• _RECORD EXCERPTS_
Start of Block
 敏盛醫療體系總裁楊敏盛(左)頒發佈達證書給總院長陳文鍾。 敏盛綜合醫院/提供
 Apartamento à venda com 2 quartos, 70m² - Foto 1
End of Block
Start of Block
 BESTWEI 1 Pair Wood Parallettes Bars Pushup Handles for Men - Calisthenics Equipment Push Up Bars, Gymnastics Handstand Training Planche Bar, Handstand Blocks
End of Block
• _TASK OBJECTIVE_
Among the entries above, locate the lines containing "敏盛醫療體系總裁楊敏盛(左)頒發佈達證書給總院長陳文鍾。 敏盛綜合醫院/提供" and "Apartamento à venda", and transcribe exactly those two lines and all lines between.

• _COMPLETED EXERCISE_
 敏盛醫療體系總裁楊敏盛(左)頒發佈達證書給總院長陳文鍾。 敏盛綜合醫院/提供
 Apartamento à venda com 2 quartos, 70m² - Foto 1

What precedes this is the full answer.